● **TASK DETAILS**
Copy, word for word, the lines below from the one containing "Full set Donald" up to and including the one containing "Kandiny Homme Maillot", with pictures left out.
GIVEN ENTRIES Block Start
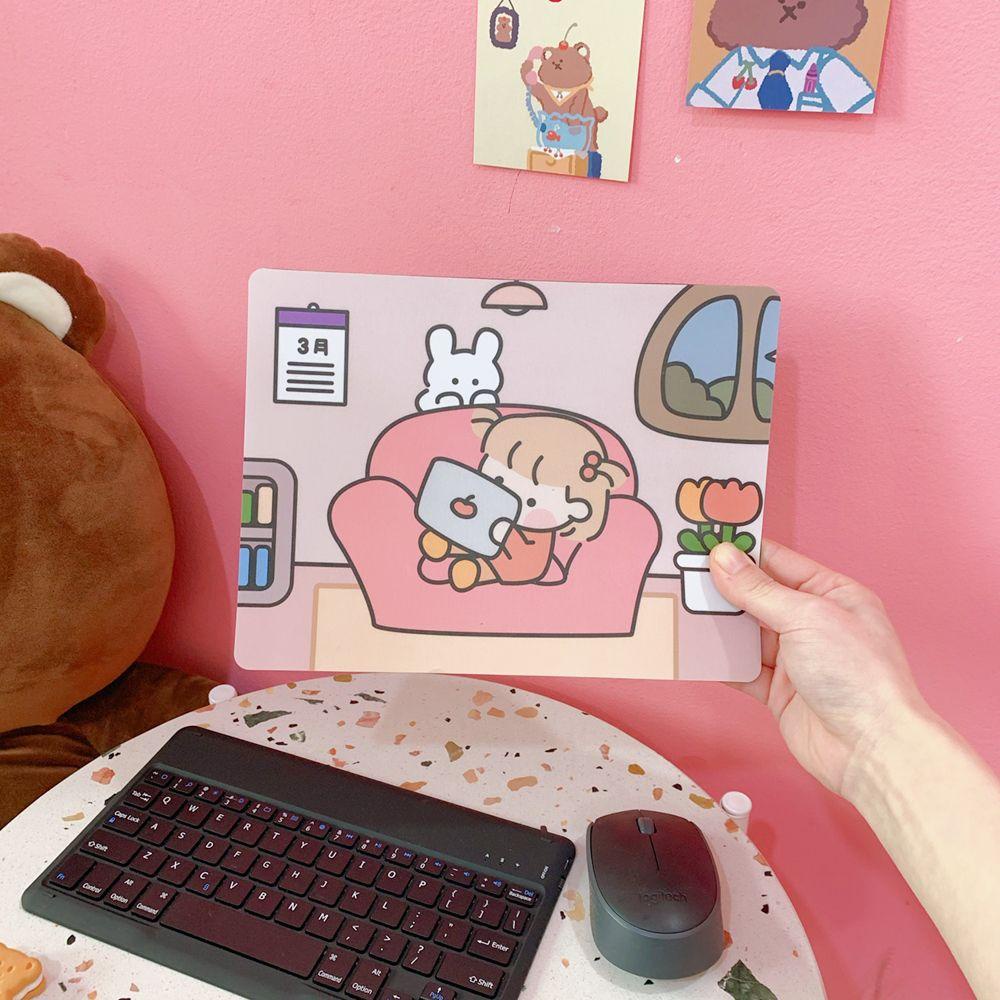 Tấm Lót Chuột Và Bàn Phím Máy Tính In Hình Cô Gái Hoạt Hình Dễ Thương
GIVEN ENTRIES Block End
GIVEN ENTRIES Block Start
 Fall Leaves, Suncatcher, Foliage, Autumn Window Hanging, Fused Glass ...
GIVEN ENTRIES Block End
GIVEN ENTRIES Block Start
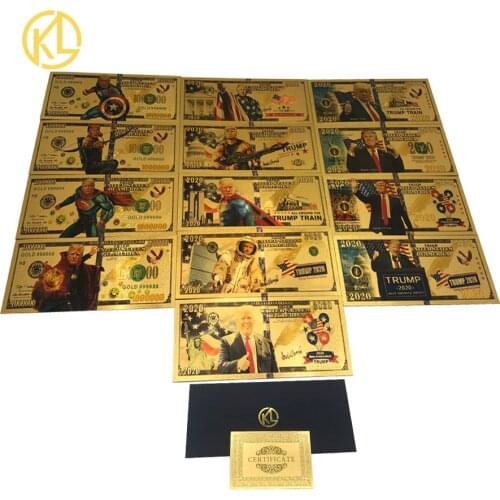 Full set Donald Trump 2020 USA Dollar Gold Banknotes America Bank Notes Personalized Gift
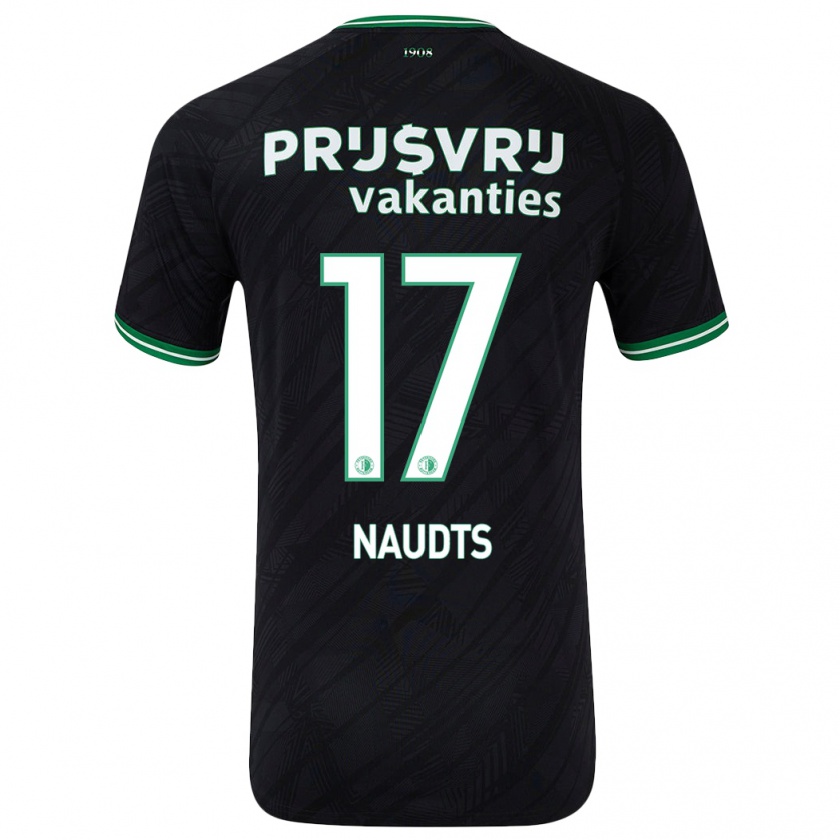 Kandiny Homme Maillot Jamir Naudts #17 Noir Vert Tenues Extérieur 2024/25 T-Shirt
GIVEN ENTRIES Block End
● **RESULT OF THIS TASK**
 Full set Donald Trump 2020 USA Dollar Gold Banknotes America Bank Notes Personalized Gift
 Kandiny Homme Maillot Jamir Naudts #17 Noir Vert Tenues Extérieur 2024/25 T-Shirt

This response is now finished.